= Nadina Abarth-Žerjav =

Daughter of Gregor Žerjav

Nadina Abarth-Žerjav (née Nada Žerjav) (March 5, 1912, Gorizia / Gorica – September 16, 2000, Ljubljana) was the daughter of the known Slovene politician and lawyer minister Gregor Žerjav and his wife, Milena née Lavrenčič. Her younger brother was Borut Žerjav (1916–1977), a journalist in Trieste and Paris after the Second World War. Her twin sister was Tatjana, who died young from tuberculosis (in 1943).

Žerjav spent her early childhood in Graz and Ljubljana. Because her father, a politician, was preventively arrested and imprisoned during World War I in Ljubljana Castle and in Graz by the Austro-Hungarian authorities for his "notorious pro-Serbian attitudes", she lived for some time with her maternal grandparents. After the early death of both her parents from tuberculosis in 1929, she was educated in Munich and Paris. She spoke seven languages. Later she lived in Ljubljana. One of her close friends there was the painter Zoran Mušič. Nada travelled with him to Korčula and Cavtat in 1940. She was wounded in the time of the war, during the murder of a banker and businessman Avgust Praprotnik in Ljubljana on February 20, 1942.

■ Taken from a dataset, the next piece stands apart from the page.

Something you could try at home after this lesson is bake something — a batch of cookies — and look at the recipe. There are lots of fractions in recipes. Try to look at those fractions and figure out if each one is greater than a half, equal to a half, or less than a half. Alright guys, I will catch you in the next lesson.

On November 28, 1949, Žerjav married Carlo Abarth, the well-known Turin automobile industrialist. Abarth-Žerjav and Carlo Abarth met in 1944 at Lake Garda in Italy. They may have even met earlier, during the war in Ljubljana, because Abarth lived there for several years. He worked at Vok, a small local factory. Abarth-Zerjav supported her husband during the founding period of the Abarth works, and also in every possible way later on. She initiated contact with Tazio Nuvolari, which became important during the first years of the existence of the Squadra Abarth. Her knowledge of languages enabled her to engage in public relations in foreign countries as well. Even after their divorce in 1979, she remained on friendly terms with Carlo Abarth, and after his death she continued to admire him greatly. The couple had no children.

After the breakup of Yugoslavia in 1991, Abarth-Žerjav, who had Italian citizenship since 1949, applied for Slovenian citizenship and finally received it in 1997 in consideration of her family's history.

Abarth-Žerjav lived in Turin for over 50 years and was well known there. She left Turin in November 1999 because of ill health and moved in with her nephew's family in Ljubljana, where she died on September 16, 2000. She was buried five days later at her family's gravesite, a protected monument in Žale Cemetery in Ljubljana.